=== SUPPLIED RECORDS ===
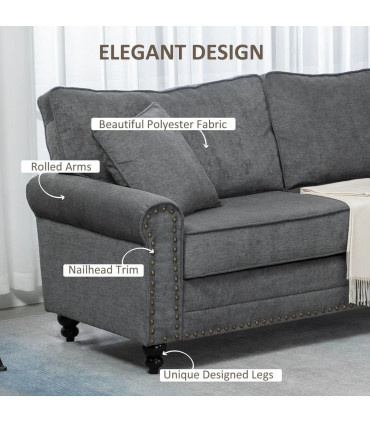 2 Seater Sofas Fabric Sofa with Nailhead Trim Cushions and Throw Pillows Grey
...
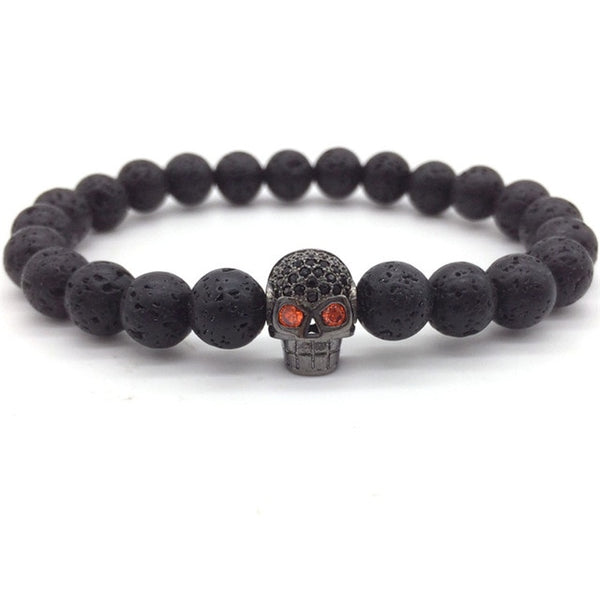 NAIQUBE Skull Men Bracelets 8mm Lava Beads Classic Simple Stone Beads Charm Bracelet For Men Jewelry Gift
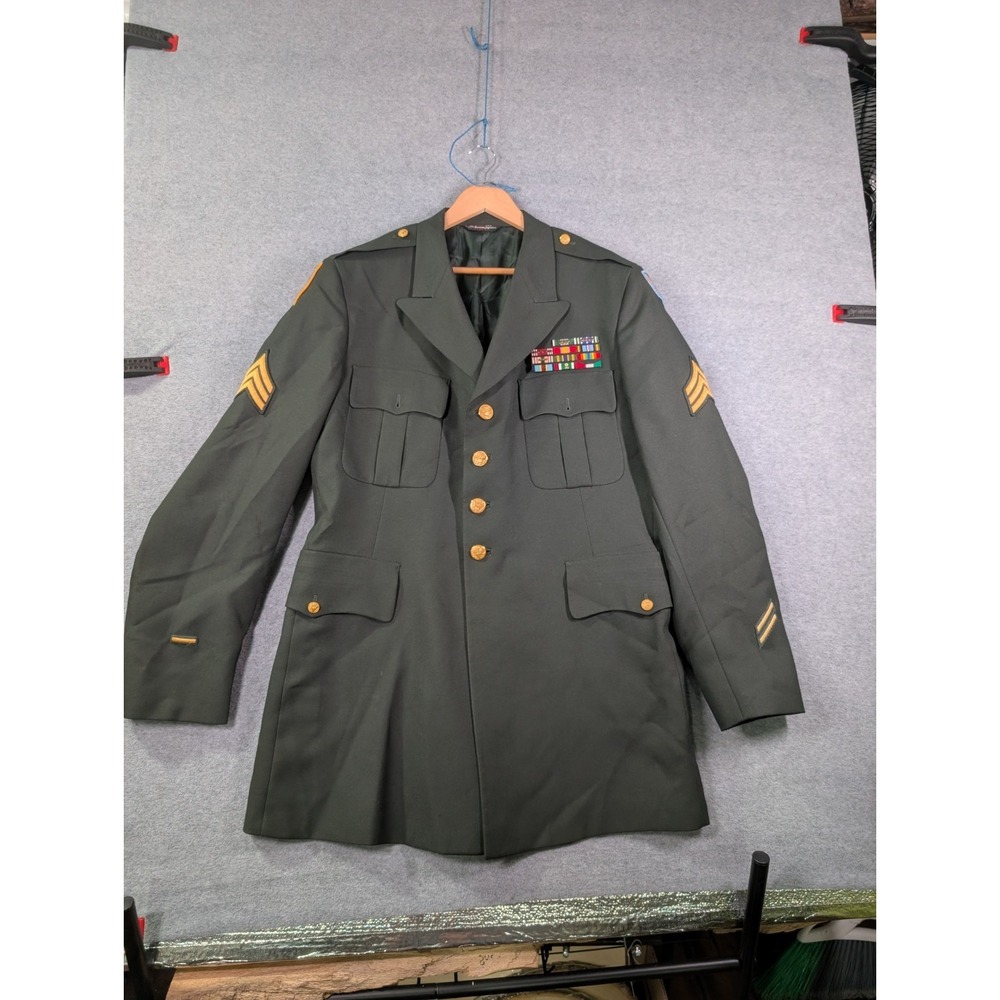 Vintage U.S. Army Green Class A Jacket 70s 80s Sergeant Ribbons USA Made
--
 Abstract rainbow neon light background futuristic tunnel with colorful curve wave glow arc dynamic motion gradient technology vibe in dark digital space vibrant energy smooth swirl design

=== ACTION ITEM ===
Working from the entries above, reproduce exactly and only the lines beginning with the line that has "NAIQUBE Skull Men" and ending with the line that has "Vintage U.S. Army"; omit all pictures.

=== ANSWER SECTION ===
 NAIQUBE Skull Men Bracelets 8mm Lava Beads Classic Simple Stone Beads Charm Bracelet For Men Jewelry Gift
 Vintage U.S. Army Green Class A Jacket 70s 80s Sergeant Ribbons USA Made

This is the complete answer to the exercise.